Winter is such a beautiful season, even when it's a billion degrees below zero. I always think that winter makes the world feel smaller and quieter. It's almost as if the snow tucks us in for the season and reminds us that we need each other.
People hold doors open, push each other out of snow banks, shovel driveways, ring bells, say hello. Cheeks are rosy, eyelashes are dusted with snow, we hold on to each other to keep from slipping on the ice....and maybe more than that.
It's finding joy in small, simple things. We laugh louder, love harder, and find compassion everywhere.
I love it. I love the sound, and smells and the way everything twinkles. The tinsel, and the lights and the history that oozes form everything. Who we are and where we come from is so, so apparent.
I've been so emotional (baby) lately. I cried in the car when these people announced their pregnancy on the radio. I cried about a dog seeing it's owner come home from war. I cried about Amy Poehler getting a star on the walk of fame. I cried because of the sweet memories this season brings.
So...as you can see, it's been a whole thing. I blame it on my period, which isn't a total cop out, but I think it's more than that.
I've spent a lot of time being a stuck, but think in the season where everything is freezing, I'm melting. All of the ways I've tried to freeze out the things that i thought could hurt me, are the very things that reminding my heart of its rhythms again.
My plans rarely work out, but my life has a way of always turing out okay. My paths have never been straight or come with directions. I tend to forge ahead even when my guides are telling me otherwise. Along the way, though, I find people, and places that feel like home, even though the rings inside them would say they've just recently sprung up.
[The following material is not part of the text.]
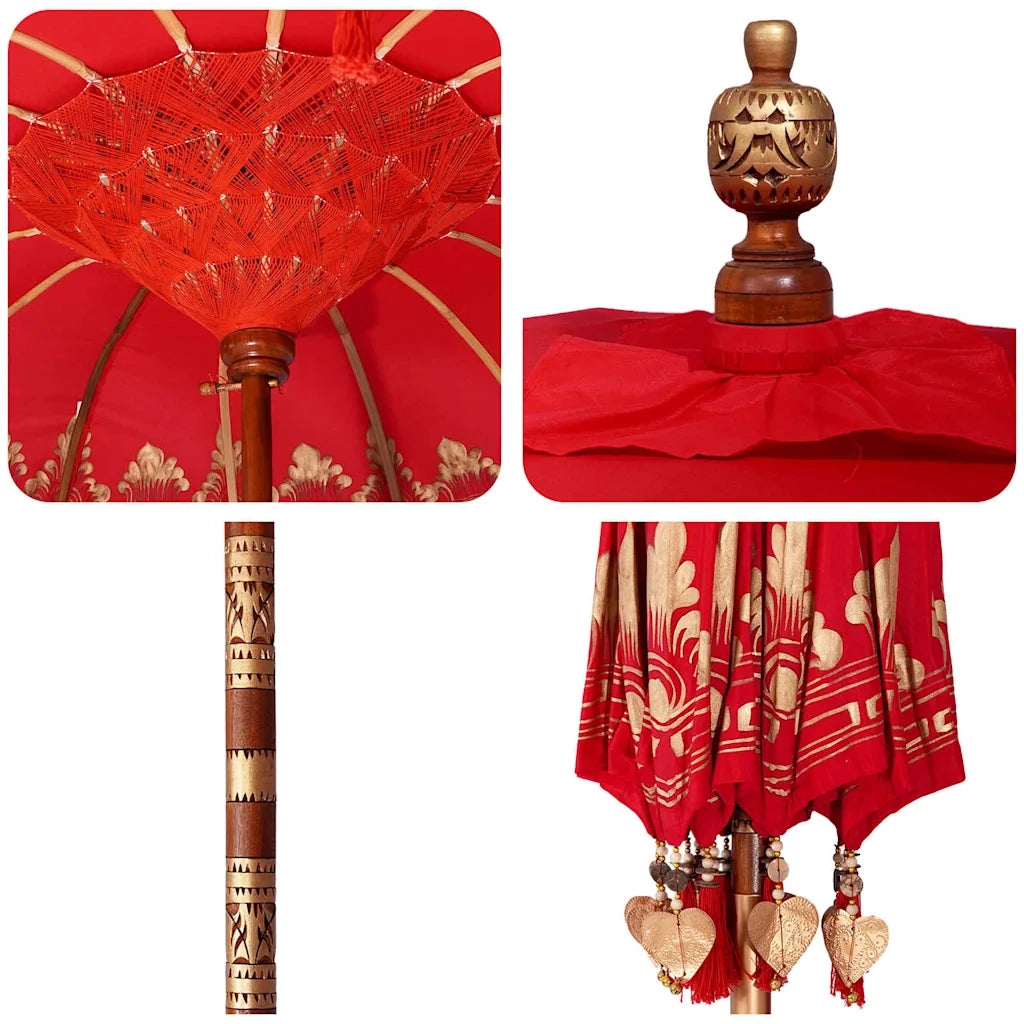 Parasol Balinese 260 Rosso 210-220 cm Cotone e legno massello 3356898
One of the things i used to be really good is find "home" taking my Wisconsin roots and growing Minnesota branches, and i've sort of lost sight of that, but I feel my roots telling me that it's time.
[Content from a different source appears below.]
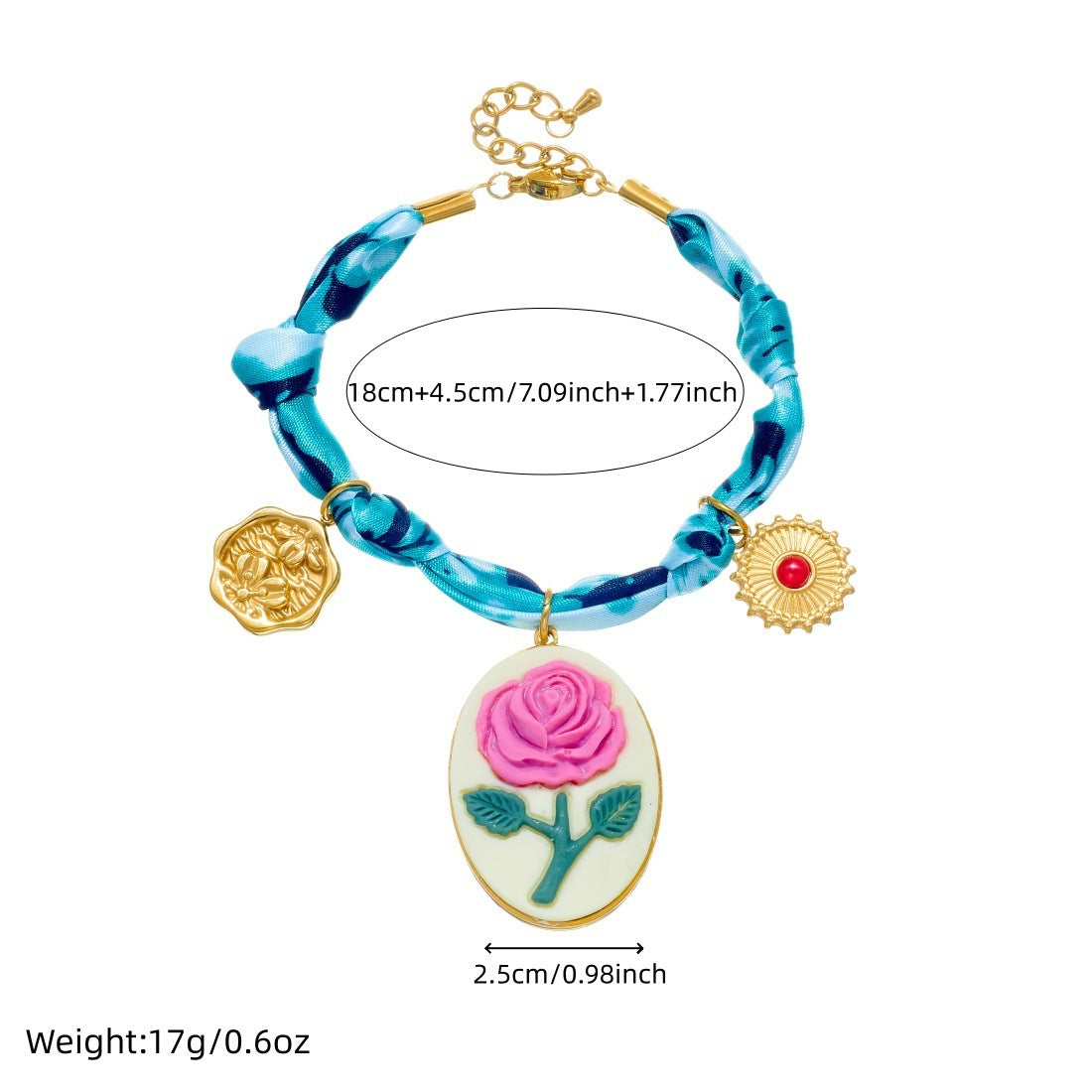Blue Tie-Dye Fabric Gold Plated Heart Oval Floral Carved Pendant Necklace and Bracelet Set for Women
This season, these people, this career path...it's good.
And I should let it be good. Sometimes the sweetest things come from the hardest work, and even though the getting there was hard, the arrival is sweet, and simple, and exactly what it needs to be.
and I'm starting to really feel that. Not that i've arrived, necessarily, but that I can drop the anchor for awhile. I've got some learning and growing to do and this is where I need to do it.
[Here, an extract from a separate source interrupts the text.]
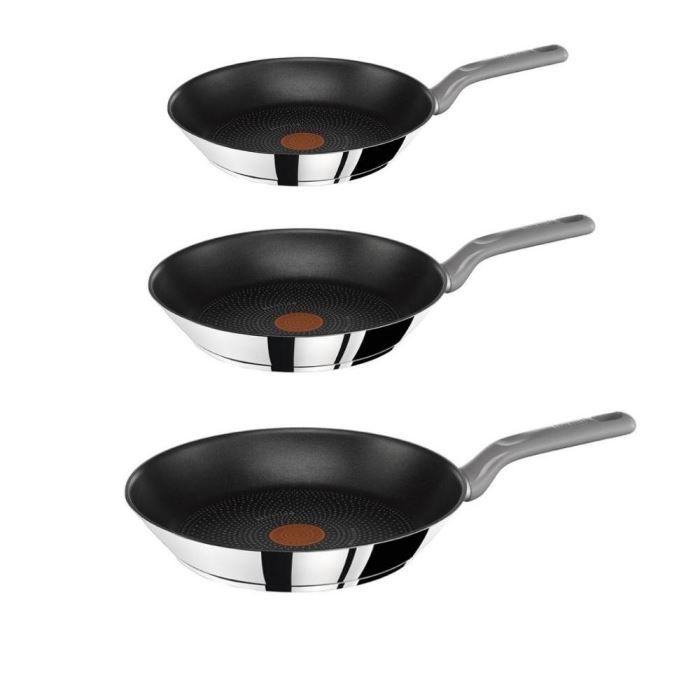 TEFAL ENVY INOX 3 poêles 20/24/28 cm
And it doesn't need to be scary, or cold. It looks like people who are rooting for you, and think you're great when you're not even trying. It's full of kids who LOVE you, and hang out around you because you've made a safe place for them.
I'm taking the hard things, and learning from them. I'm embracing the past because it's made me more compassionate, it's shown me Jesus in ways I didn't expect, and it has taught me about what love looks like.
In this season of expectant waiting, and a thawing heart, I am praying for the good sense to get out of God's way, to be willing to be used all sorts of ways. I'm praying that I use what I have where I am, and for that to be enough.
I'm certainly not ready for what lies ahead, but I'm equipped to handle whatever is around the bend.
Let the snow fall, let it create a pure heart in me, and you, and everyone this season.
Let's hold mittened hands, and hold each other up, because the ice is slippery, and going down together hurts less, and it frequently ends in tears that come from laughing.
Hug your families tighter, take time to smell the snow in the air, and pay attention to winter at dusk.
Winter is here, and she is lovely.
Also, obsessed with "oh come, oh come, Emmanuel" and "this cup" they are both just so perfect right now. listen to them when it's snowing, you won't regret it.